- _PROBLEM TO WORK ON_: Beginning at the line that holds "Why RFID Matters for Wildlife Conservation", transcribe each line exactly through the end of the records, and leave any pictures out.
===== EXCERPTED DATA =====
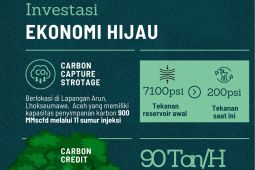 Songsong investasi global, PEMA fokus kembangkan ekonomi hijau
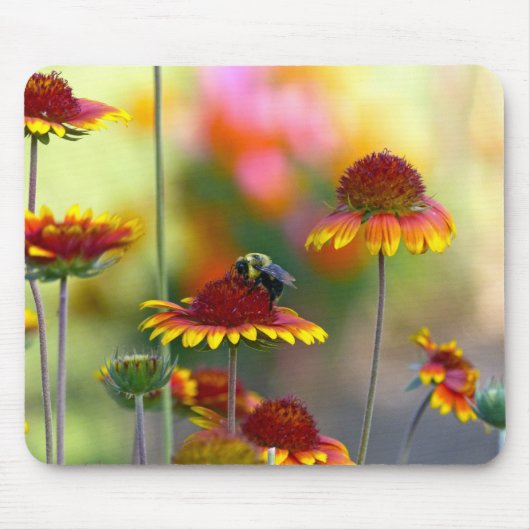 Biene auf Gaillardia Mousepad (Vorne)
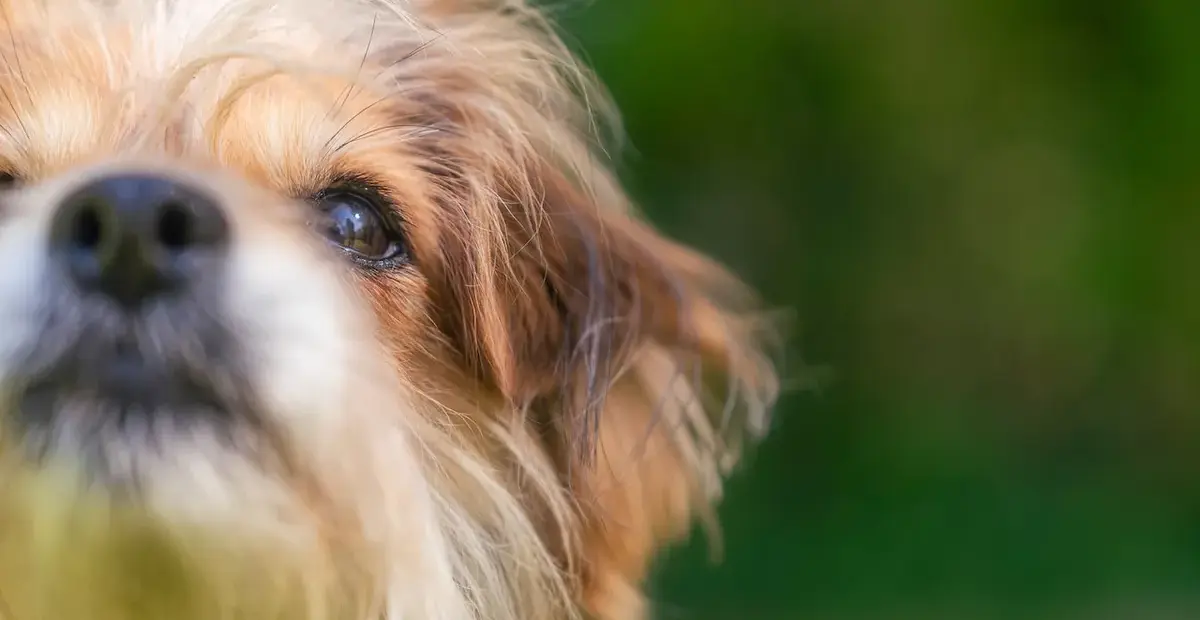 tiere suchen ein zuhause tiere suchen ein zuhause — DE news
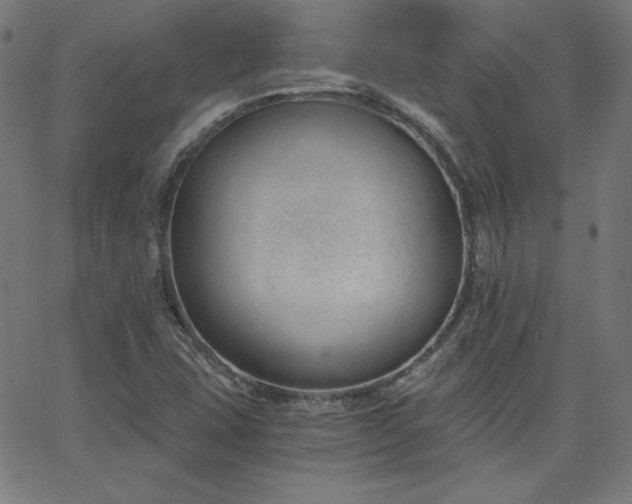 X0000068761407200604281201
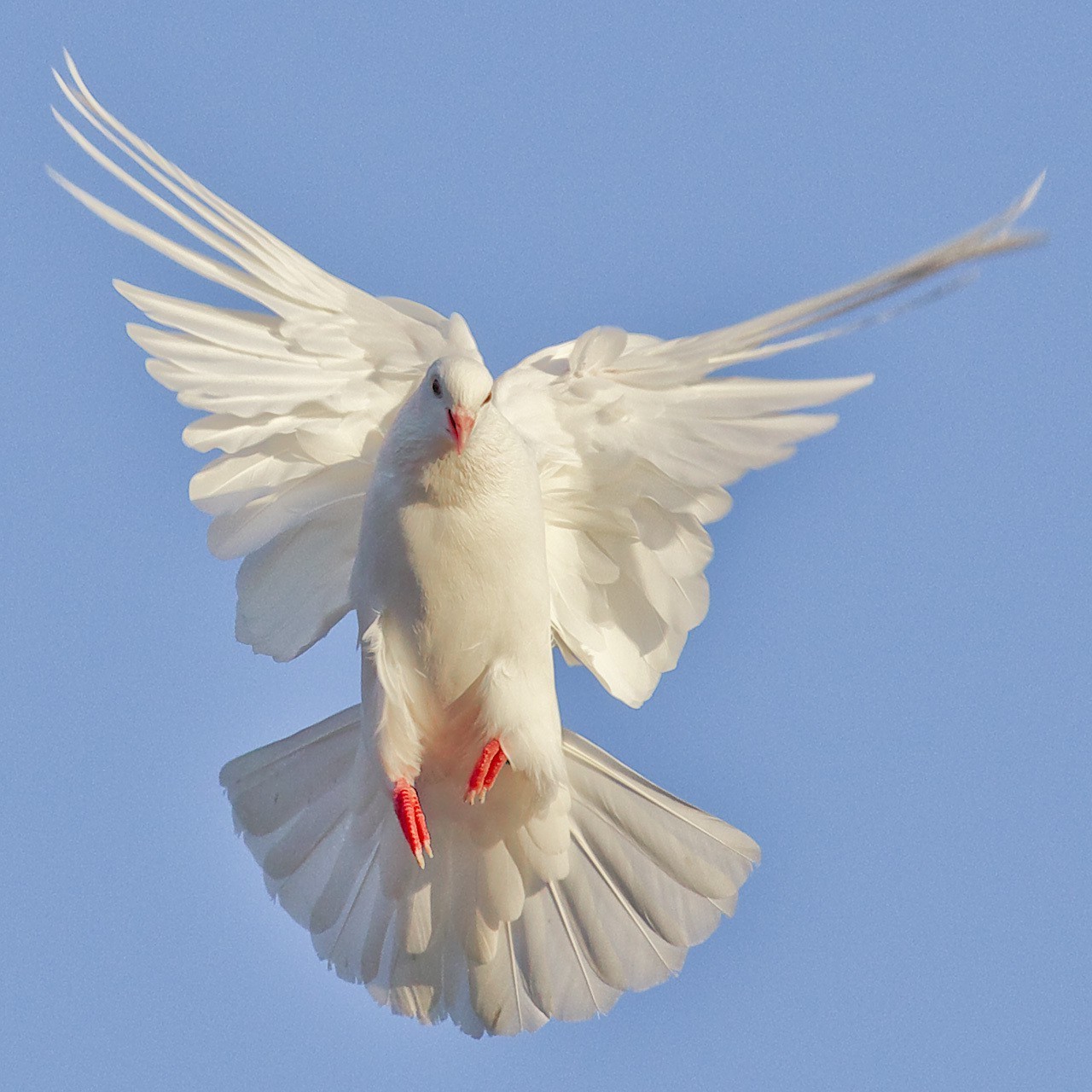 paloma pájaro vuelo volar cielo ala pluma vida silvestre viento naturaleza paloma gaviotas libertad aire animal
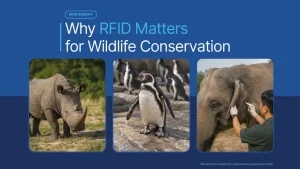 Why RFID Matters for Wildlife Conservation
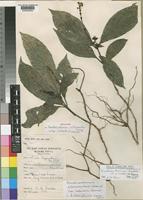 Holotype of Pseuderanthemum albocoeruleum Champl. subsp. robustum Champl. [family ACANTHACEAE]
=====
- _ANSWER TO THIS TASK_:
 Why RFID Matters for Wildlife Conservation
 Holotype of Pseuderanthemum albocoeruleum Champl. subsp. robustum Champl. [family ACANTHACEAE]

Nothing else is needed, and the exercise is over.